##### Given data

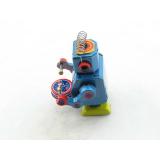 Blechspielzeug - Roboter trommelnd, 10 cm blau mit Trommel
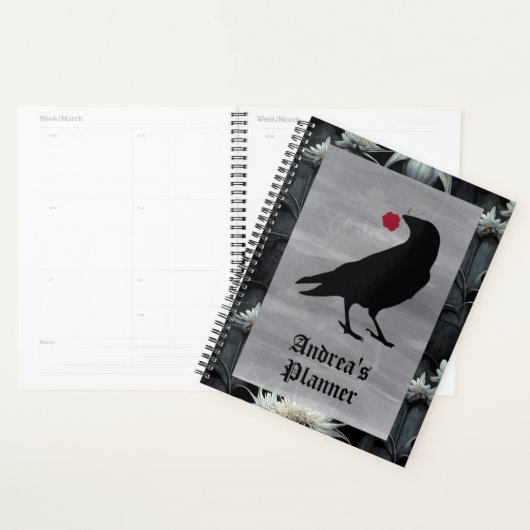 Gothic raven holding red rose planner klantgericht (Display)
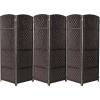 imageSorbus 8 Panel Room Divider 6 ft Tall  Privacy Screen Extra Wide Double Hinged Panels Diamond DoubleWeaved Partition Room Dividers and Folding Privacy Screens Wall Divider for Room SeparationEspresso Brown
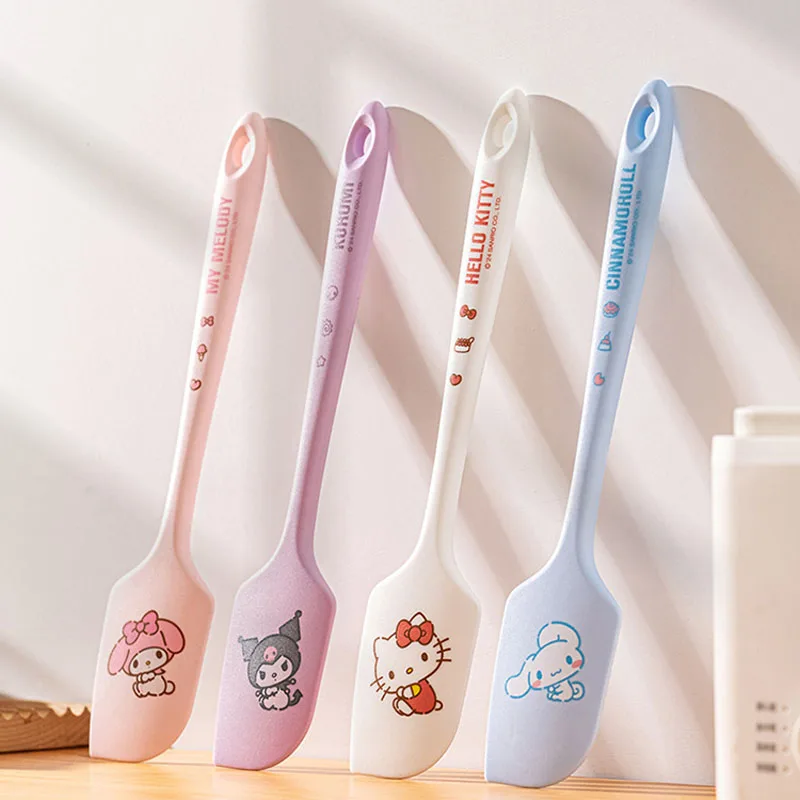 Kawaii My Melody Kuromi Hello Kitty Food Grade Silicone Spatula Anime Sanrio Girly Heart Cute High Temperature Resistant Spatula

##########

• _What you have to do_
Pictures are to be omitted from the copy, and only the lines from the one containing "imageSorbus 8 Panel" through the final line of the listing above are to be written out exactly.

• _Solved exercise_
 imageSorbus 8 Panel Room Divider 6 ft Tall  Privacy Screen Extra Wide Double Hinged Panels Diamond DoubleWeaved Partition Room Dividers and Folding Privacy Screens Wall Divider for Room SeparationEspresso Brown
 Kawaii My Melody Kuromi Hello Kitty Food Grade Silicone Spatula Anime Sanrio Girly Heart Cute High Temperature Resistant Spatula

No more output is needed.